Question : Among A, B, C, D, E and F, who is the heaviest ? Statements: A and…

2025

Question : Among A, B, C, D, E and F, who is the heaviest ?

Statements:

A and D are heavier than B, E and F but none of them is the heaviest.

A is heavier than D but lighter than C.

  1. A.

    I alone is sufficient while II alone is not sufficient

  2. B.

    II alone is sufficient while I alone is not sufficient

  3. C.

    Either I or II is sufficient

  4. D.

    Neither I nor II is sufficient

Show answer & explanation

Correct answer: A

Concept: In a Data Sufficiency question that asks who holds an extreme value (here, the heaviest) among a fixed group, a statement is sufficient only when it leaves exactly one member of the group who could hold that extreme, with no ambiguity remaining.
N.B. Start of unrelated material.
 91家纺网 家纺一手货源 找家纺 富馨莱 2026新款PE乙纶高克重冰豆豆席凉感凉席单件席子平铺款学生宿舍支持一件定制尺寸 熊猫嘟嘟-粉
Statement I: A and D are heavier than B, E and F, but neither A nor D is the heaviest. Since all six people have distinct weights, the only person left who could be heavier than both A and D is C. So C must be heavier than A and D, who are already heavier than B, E and F -- making C heavier than every other person. Statement I alone is therefore sufficient to identify the heaviest.
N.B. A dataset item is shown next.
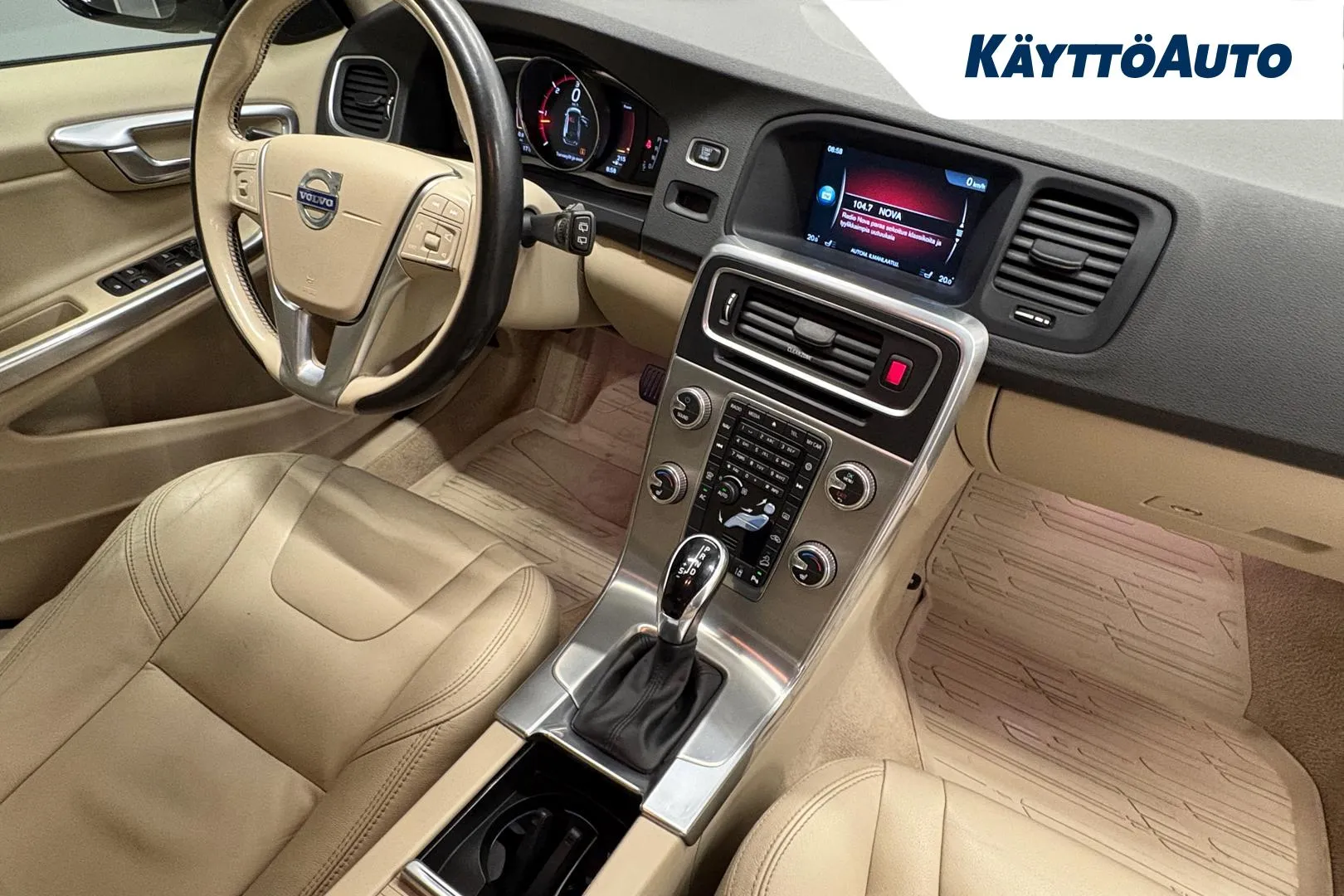 VOLVO V60 Cross Country FMO-434 carousel image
Statement II: A is heavier than D but lighter than C, giving C > A > D. This fixes C above A and D, but it gives no comparison at all between C and B, E or F. Without knowing how C compares with those three, C's position relative to the whole group is not settled, so Statement II alone is not sufficient.
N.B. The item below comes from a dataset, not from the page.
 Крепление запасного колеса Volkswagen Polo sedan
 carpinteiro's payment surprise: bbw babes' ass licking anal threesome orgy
Cross-check: Re-reading Statement I confirms it excludes every person except C from being heaviest (A and D are excluded explicitly, and B, E and F are excluded by being lighter than A and D), so no combination with Statement II is even needed. Statement II, taken alone, never rules out B, E or F being heavier than C, confirming it cannot work by itself.

Result: Statement I alone is sufficient while Statement II alone is not sufficient.

Why the other options are wrong:

  • II alone is sufficient while I alone is not sufficient -- wrong because Statement II never compares C with B, E or F, so it cannot rule out one of them being heavier; that comparison is missing no matter how the rest of the deduction runs.

  • Either I or II is sufficient -- wrong because this requires each statement to work independently, and Statement II's missing C-versus-(B, E, F) comparison means it does not stand on its own.

  • Neither I nor II is sufficient -- wrong because it requires both statements to fail, but Statement II failing on its own does not mean the other statement must also fail; each one has to be checked in full before concluding neither works.